Aux abonnés absents
La journée s’étire, de toutes ses pattes velues d’arachnide. Et moi je fais le tour de sa toile, une longueur à droite, une longueur en face, un petit tour sur la gauche et on remet la balle au centre. Il y a toujours les mêmes albums au fond de mon iPod, il y a toujours les appliques au mur, mais pour demain rien n’est moins sûr…
Désolée, je n’ai pas répondu à vos messages – A vos petits mots, glissés dans les interstices des journées sans fin, aux bulles éclatées de cette BD complètement folle où je joue un tout petit rôle, à vos longues lettres pleine de parfums étranges et capiteux. Pardon, je n’ai pas répondu à vos SOS, vos mises en boite et vos petits papiers au fond des bouteilles. Milles excuses, étouffées, bredouillantes, sans motifs, sans raison valable.

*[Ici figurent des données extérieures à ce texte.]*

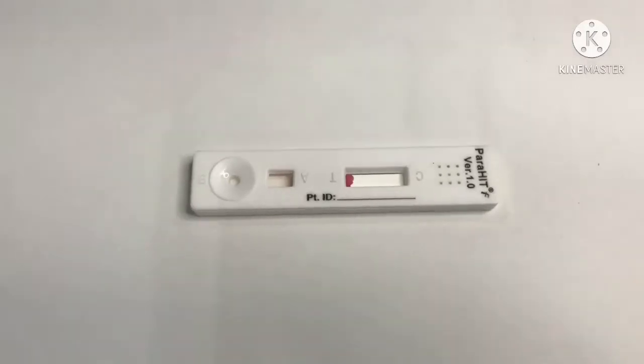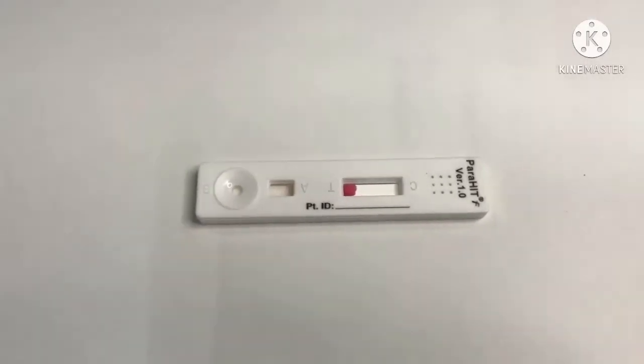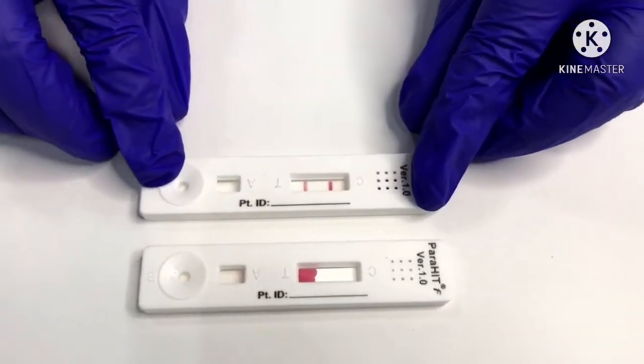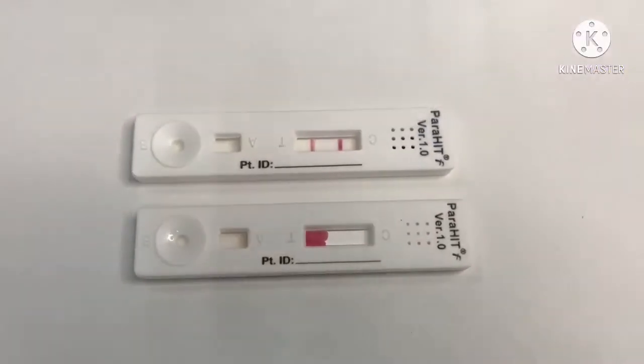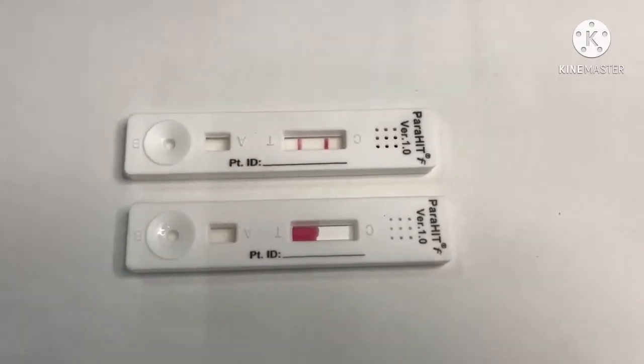Read the results after 20 minutes. Once the test is completed, we can observe the test band and control band.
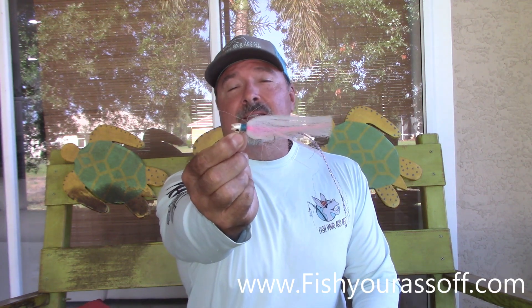Bucktail jigs — do they work? They work great, but they don't work as well as what I'm going to show you. These catch fish. What about three-inch paddle tails with a jig head? Yes, these baits catch flounder, just not as well as the one I'm going to show you.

Tout s’agite, comme les vaguelettes tranquilles sur le bord de la plage qui se prélasse sous un ciel sans nuage – Un paysage sans l’ombre d’un doute, tandis que sous les orteils des touristes qui se rafraichissent, la guerre est déclarée entre des organismes vivants non identifiés et les grains de sables, géants comme des rochers.
Tout est une question d’échelle, et elle est aussi détestable, la noyade, dans le grand bassin ou dans un verre d’eau. Et je crache mes poumons avec conviction.
Doll by WereBothLittlePeople
Désolée, pardon, milles excuses, si je ne m’abuse, nous nous verrons, pour la nouvelle année ? Pardon, mes excuses, désolée, et tout ce que vous voulez…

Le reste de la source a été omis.